• **EXERCISE DETAILS**
The result should be an exact copy of every record, with no pictures kept.
== Segment start ==
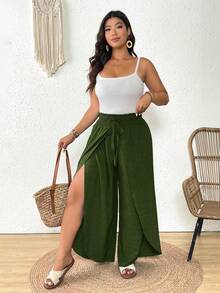 SHEIN Frenchy 大码女式纯色腰带开衩阔腿裤，橄榄绿阔腿裤，适合海滩度假，春季女式下装 - 墨綠色 - 查看 5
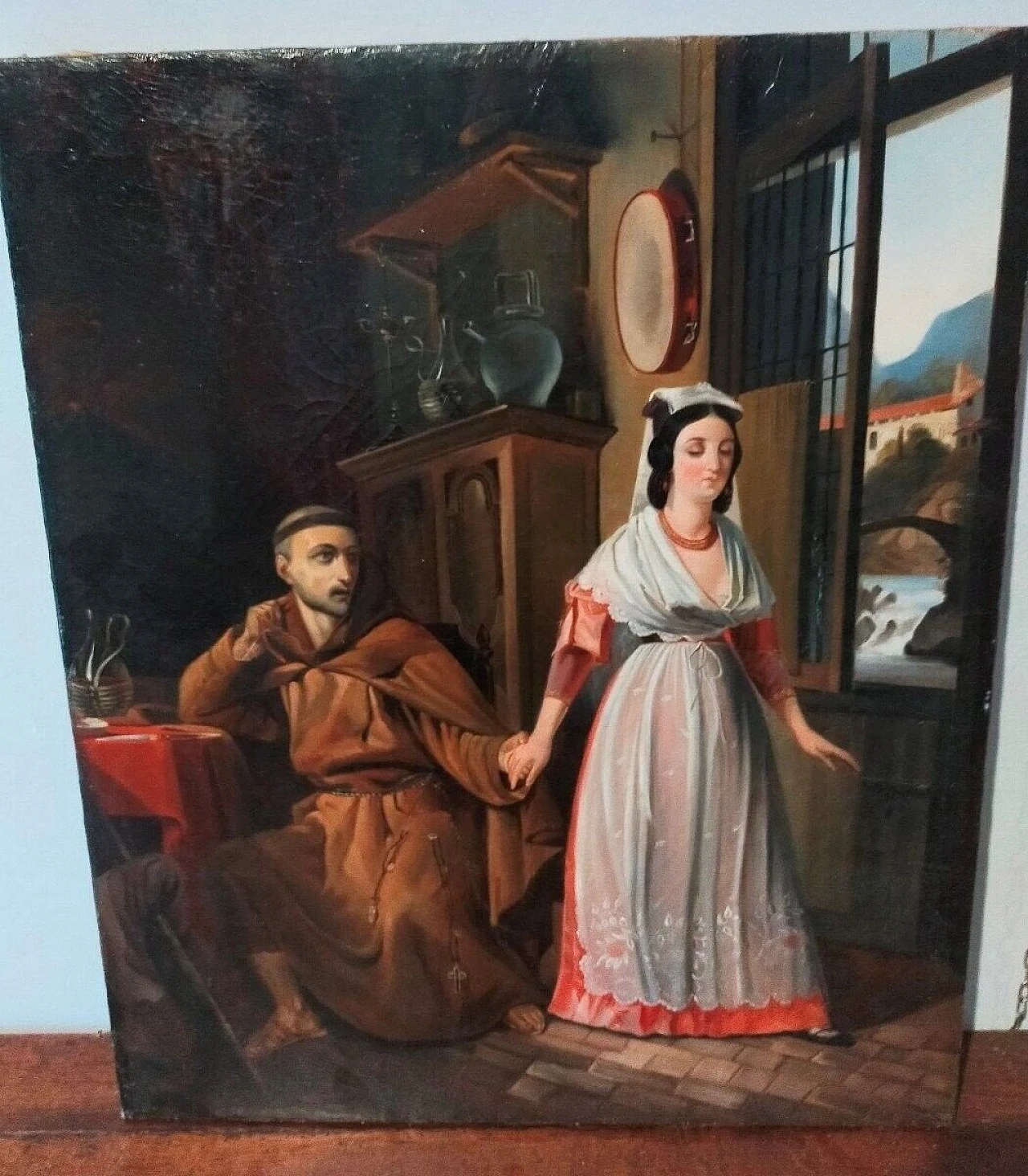 Interior with gallant scene, oil painting on canvas, 19th century 2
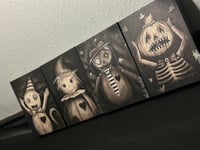Image 1 of “Rag Doll Spooky Set”  4 Mini Canvases 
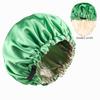 Dual-Layer Satin Sleep Cap with Adjustable Buckle, Reversible Solid Color Design - Elastic European/American Shower Cap
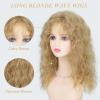 SEVENCOLORS Long Black Wavy Wigs for Women Natural Soft Hair Black Wig with Bangs Synthetic Fluffy Curly Wigs for Daily Party Cosplay(Light blonde)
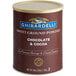 A close up of a Ghirardelli container of sweet ground chocolate and cocoa powder.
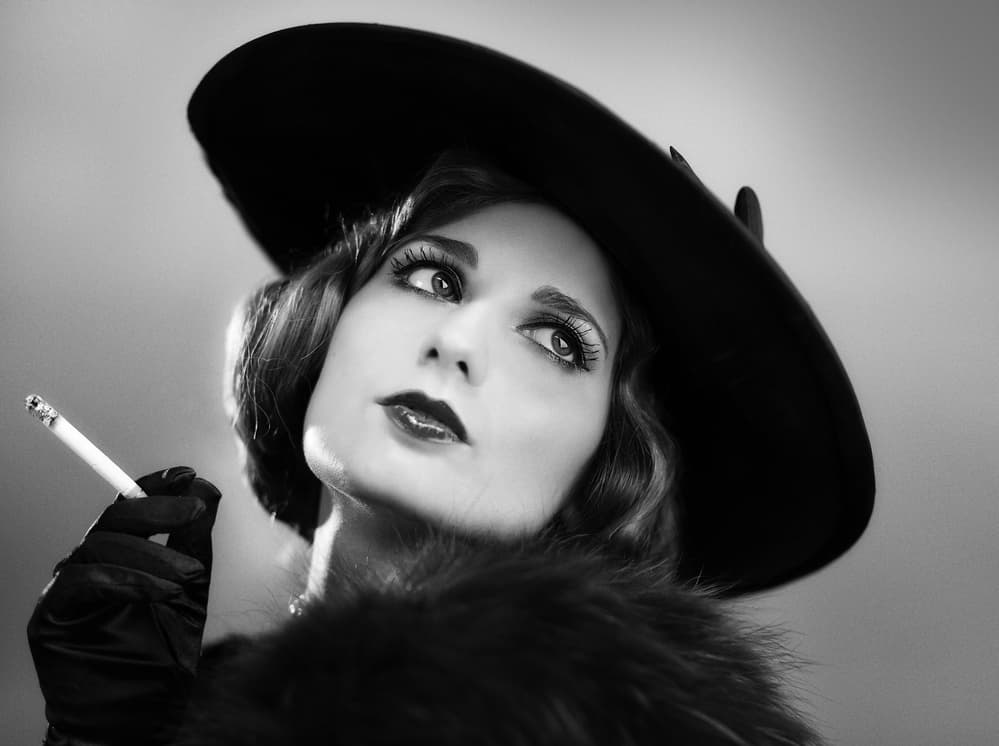 Elegant Lady Smoking by Peppe Tambè — canvas wall art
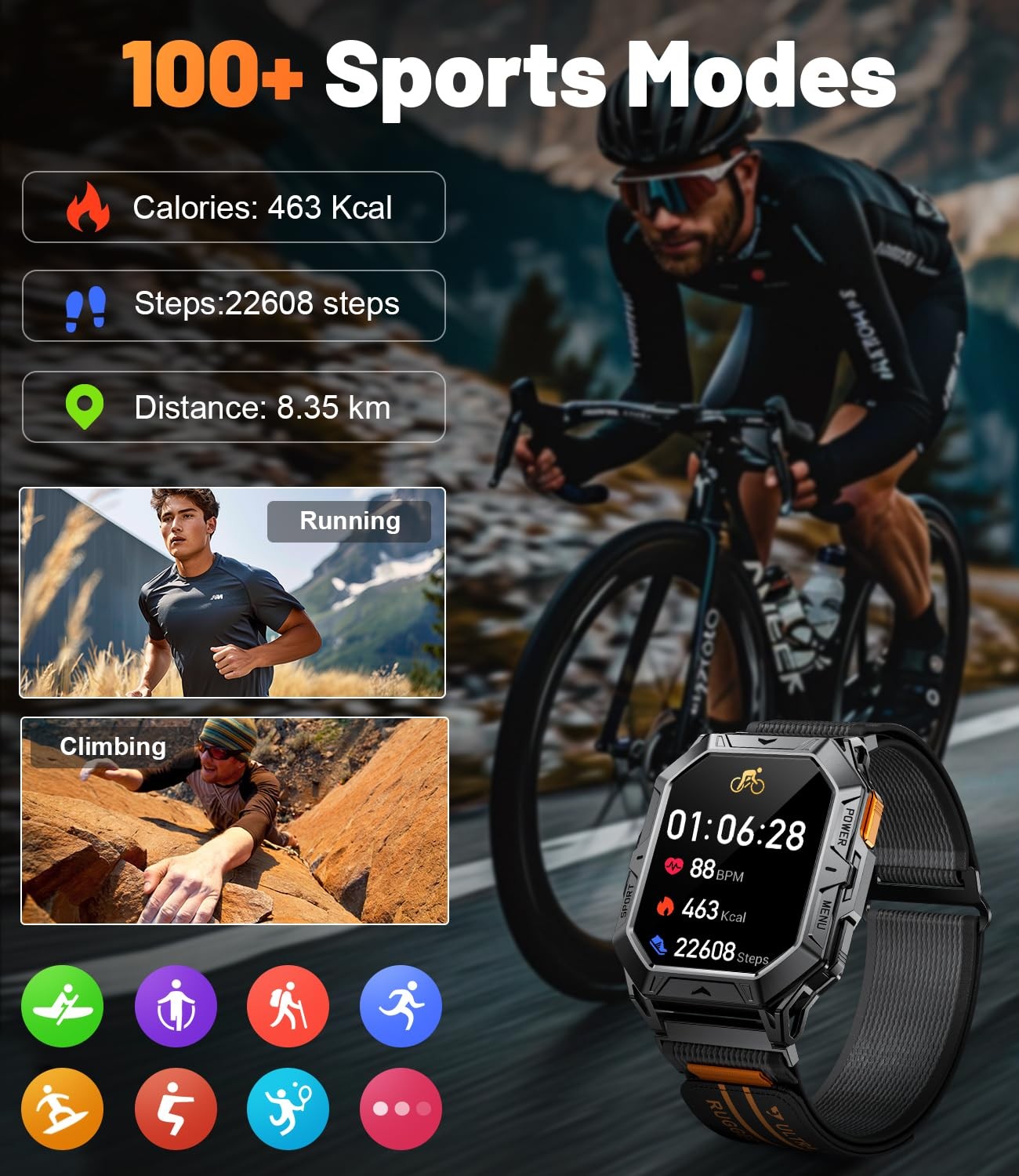 Lige Military Smart Watches For Menanswer/Make Calls100-Day Battery Life2.13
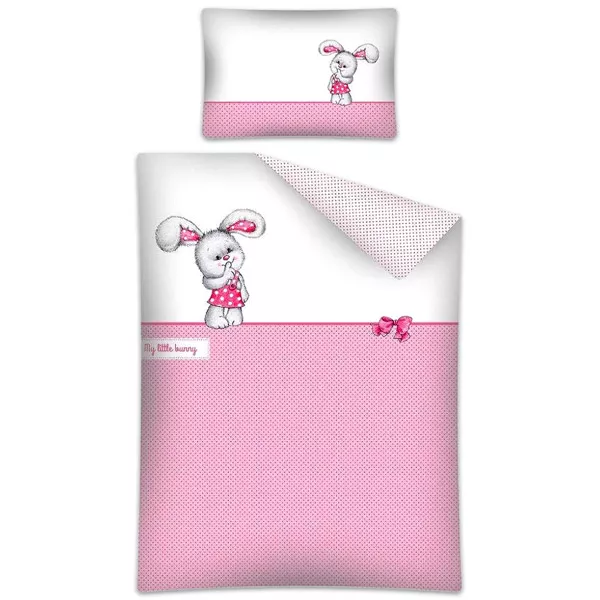 Model Iepuraş: lenjerie de pat pentru copii cu 2 piese - roz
== Segment end ==
• **RESULT**
 SHEIN Frenchy 大码女式纯色腰带开衩阔腿裤，橄榄绿阔腿裤，适合海滩度假，春季女式下装 - 墨綠色 - 查看 5
 Interior with gallant scene, oil painting on canvas, 19th century 2
Image 1 of “Rag Doll Spooky Set”  4 Mini Canvases 
 Dual-Layer Satin Sleep Cap with Adjustable Buckle, Reversible Solid Color Design - Elastic European/American Shower Cap
 SEVENCOLORS Long Black Wavy Wigs for Women Natural Soft Hair Black Wig with Bangs Synthetic Fluffy Curly Wigs for Daily Party Cosplay(Light blonde)
 A close up of a Ghirardelli container of sweet ground chocolate and cocoa powder.
 Elegant Lady Smoking by Peppe Tambè — canvas wall art
 Lige Military Smart Watches For Menanswer/Make Calls100-Day Battery Life2.13
 Model Iepuraş: lenjerie de pat pentru copii cu 2 piese - roz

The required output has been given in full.